The only caveat to a real tree is that you must recycle it. The good news, however, is that most people do as councils will take them for free and use them for wood chippings etc. Again this is good for the environment and none of the carbon stored in the wood is burned off.
In fact, even if you did burn the real tree and release all the harmful carbon it had absorbed, its net carbon footprint would still be 10x less than a faux tree…
Faux trees seem like a good idea on the face of them but frankly, they’re not…
In order to make them ‘worth it’, you must keep them for at least 10 years and beyond. However, lots of them break or people move and can’t take them.
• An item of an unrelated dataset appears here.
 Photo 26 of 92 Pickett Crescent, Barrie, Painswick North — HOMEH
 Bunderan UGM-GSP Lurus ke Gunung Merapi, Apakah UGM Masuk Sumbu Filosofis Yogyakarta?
The reality is that they don’t last the time they should, even if you were willing to stick it out.
The majority of plastic trees are manufactured using petrochemicals that are not only awful for the environment but cannot be recycled…
…which surely defeats the entire purpose of a plastic tree.
Lastly, trees are not small objects, even the ones you assemble, so say you got one shipped from China, it will have been made using electricity from non-renewable sources and will have already assumed a massive carbon footprint in getting across the world to you.
“The Carbon Trust estimates that a 2 metre artificial tree has a carbon footprint around 40kg CO2e, more than twice that of a real tree that ends its life in landfill, and more than ten times that of real trees that are burnt.”
So if you have an artificial tree at home you would need to re-use it for at least 10 Christmases to keep its environmental impact lower than that of a real tree.”
(read more - The Carbon Trust)
In conclusion, get a real tree.
The best-case situation (although much harder to achieve) is to have a potted tree, including the roots and soil.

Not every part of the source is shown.